Será assim, por exemplo, com a Lei Geral de Licenciamento Ambiental, aprovada no Senado na semana passada, que escancara a porteira para todo tipo de boiada (Lembram de Ricardo Salles?), garimpo ilegal e desmatamento. De uma vez só, a proposta, que ainda deverá ser submetida as benesses da Câmara, destrói anos de luta preservacionista, fazendo o Brasil voltar a décadas no marco ambiental a poucos meses da realização da COP 30 no Pará. Um desastre. E, se Lula vetar, mesmo parcialmente, derruba-se o veto.
Não por acaso, o Senado reavivou a unificação dos pleitos eleitorais, aprovando na Comissão de Constituição e Justiça uma proposta de emenda constitucional que proíbe reeleição e fixa mandados de cinco anos para todos os cargos eletivos, com um único dia para o eleitor ir às urnas. Fora de hora e da casinha, visto que o país tem inúmeras outras urgências, a proposta do senador Jorge Kajuru (Podemos-SP) é quase idêntica à do ex-deputado Ernandes Amorim (PTB-RO), apresentada em 2009 na Câmara, que abriga mais de 10 projetos quase com o mesmo teor.
Cabe questionar os motivos da volta do tema à pauta, quando não há qualquer clamor em torno dele. Talvez seja por pura falta de ideologia. Por um lado, discutir reeleição e duração de mandatos pode funcionar como cortina de fumaça. Tanto para o governo, espremido pela impopularidade e acuado pela hipótese de uma CPMI sobre os desvios do INSS, quanto para os congressistas, na mira pela farra das emendas e de tretas apuradas pela Polícia Federal, algumas delas já na agenda do Supremo. Por outro lado, vale a máxima “quem está no poder quer mantê-lo” e, embora a justificativa da PEC seja a alternância na representação, o objetivo maior é perpetuar o poder do político ou de seu grupo.

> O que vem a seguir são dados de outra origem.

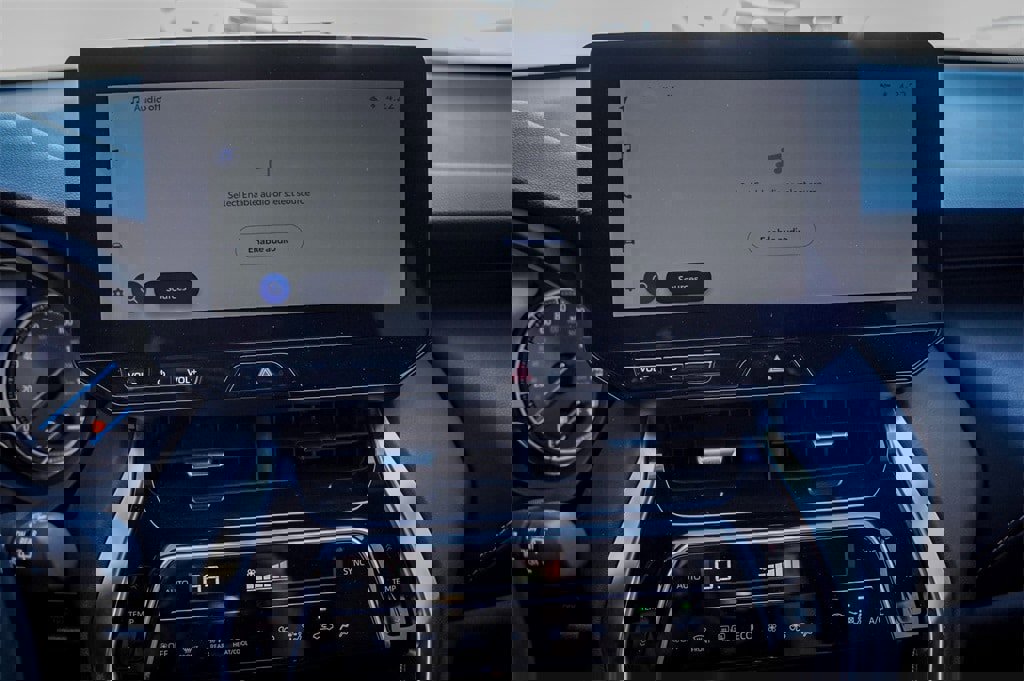 Used 2024 Toyota Venza LE image 16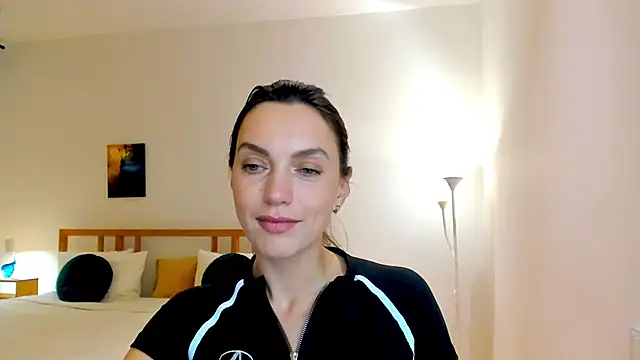 Snapshot of LovelyeeMia chatting on December 2024 03:00:02 PM LovelyeeMia online show from December 2024 03:00:02 PM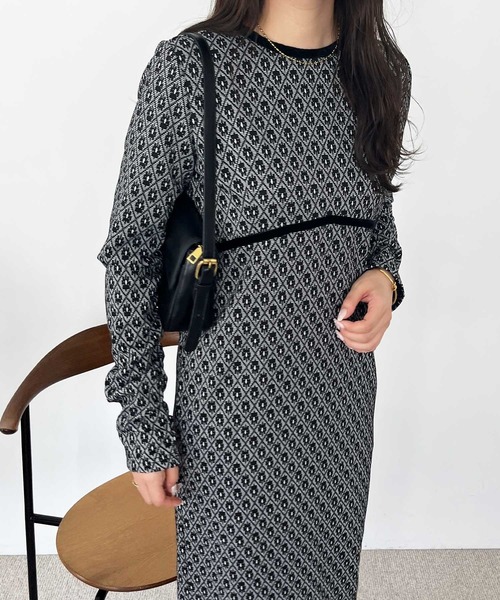 nelliy.(ネルリー)の「フラワージャカードパイピングワンピース(ワンピース・レディース・ブラック・MEDIUM/LARGE)」の11枚目の写真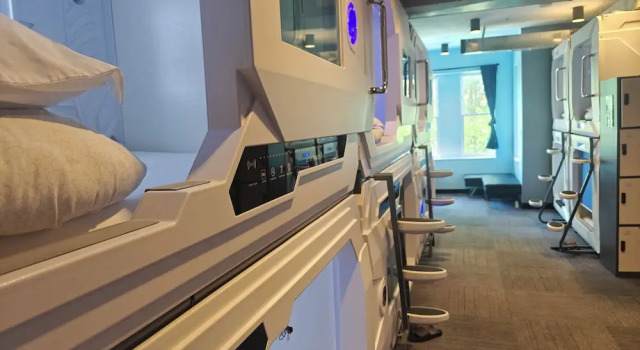 U Street Capsule Hostel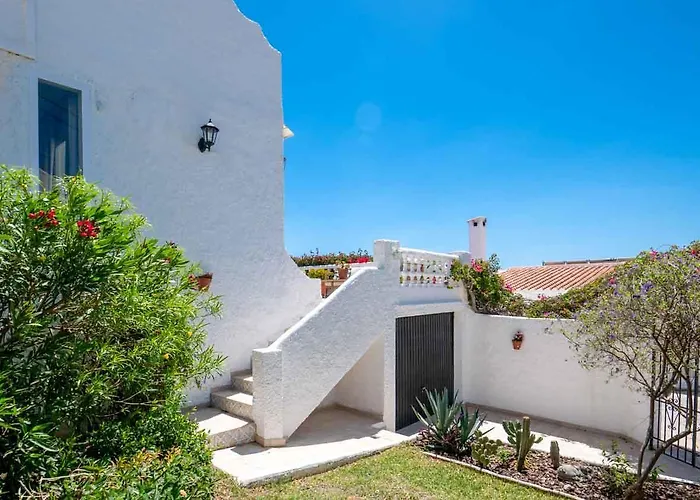 Lovely Townhouse, Several Terraces, Garden, Pool * Нерха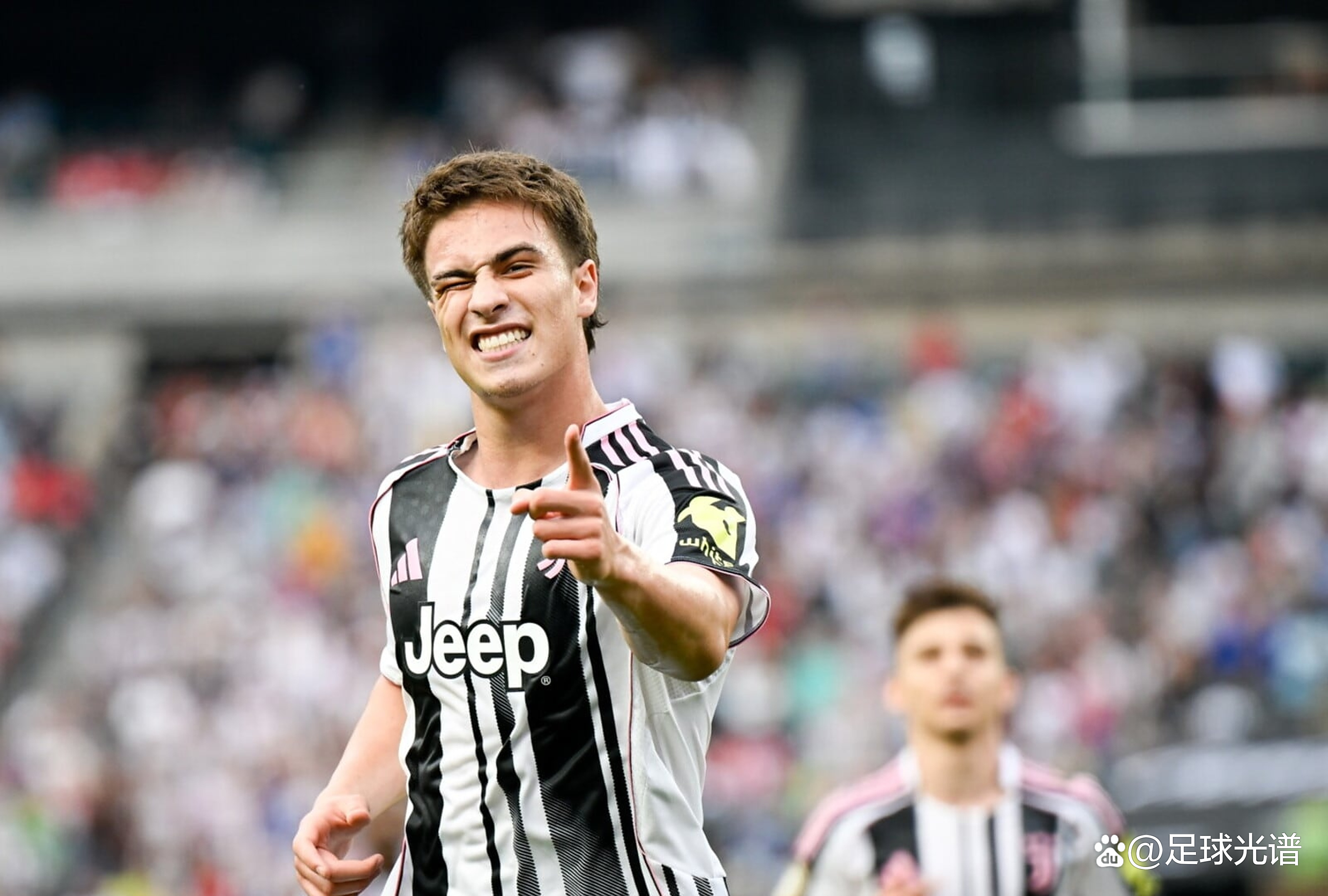 开云体育app下载-尤文图斯客场取得胜利，继续追赶领先者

Ao unificar as eleições e estabelecer mandato de cinco anos, confundem-se as atribuições dos diferentes níveis de governo, que já não são claras para boa parte das pessoas, criando-se um vácuo de tempo ainda maior entre a promessa e as entregas do representante eleito. Junta-se, em um só tempo, as funções de um senador – alguém sabe quais são elas? – de deputado federal, estadual e de vereador.
Os candidatos a presidente, com demandas nacionais e propaganda mais intensa que hoje já relegam a postulantes aos governos estaduais ao segundo plano, roubariam o protagonismo que os pretendentes a prefeito detêm em eleições isoladas. Imaginem como seria o horário eleitoral de rádio e TV em uma eleição unificada? Soma-se à confusão a lista de 9 nomes que o eleitor terá que levar para a cabine de votação.

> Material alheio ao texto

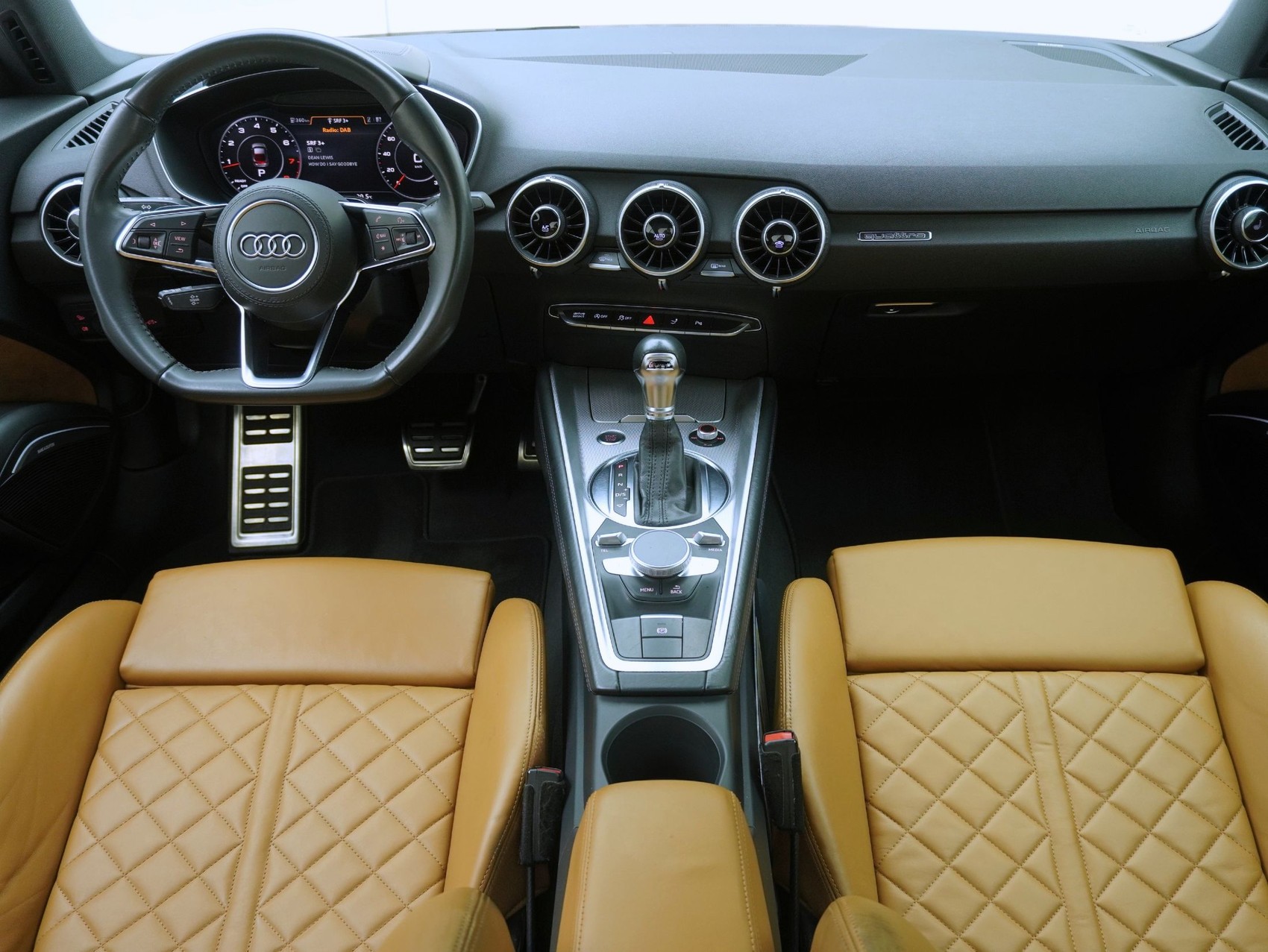 AUDI TT Coupé 45 TFSI quattro S-Tronic-image-14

Mesmo a proposta de fim da reeleição tem lá suas falsas condições: Os que a defendem dizem que no modelo atual o presidente em exercício usa o cargo para se reeleger. Como se assim não fosse para eleger seu sucessor. Vale lembrar que, em tempos sem reeleição, o ex-governador de São Paulo, Orestes Quércia, cravou a máxima: “Quebrei o Estado, mas elegi meu sucessor”. Ou, mais recentemente, o esforço de Lula para fazer vencedora sua pupila Dilma Rousseff.
Seria hilário se não fosse triste ver a PEC ser defendida sob o argumento de economia em um país cujo fundo eleitoral bateu nos estratosféricos 5 bilhões no ano passado. Não está errado não. 5 bi… Do bom e suado dinheirinho dos brasileiros. Um custo que não muda com a unificação do pleito.
O mais grave, porém, é os parlamentares – que são frutos do voto – defenderem a redução da frequência da ida às urnas, momento insubstituível de diálogo com o eleitor, no qual ele escolhe, aprova ou rejeita representantes. Tivessem algum outro interesse para além de seus umbigos, discutiriam sistemas de governo, voto facultativo, mecanismos de controle popular, plebiscitos.
Não é traição ao exercício do otimismo, mas diante do bate cabeças do Executivo, escorregões do Judiciário e de um Parlamento que se recusa a aprimorar a democracia, está cada vez mais difícil enxergar a bonança.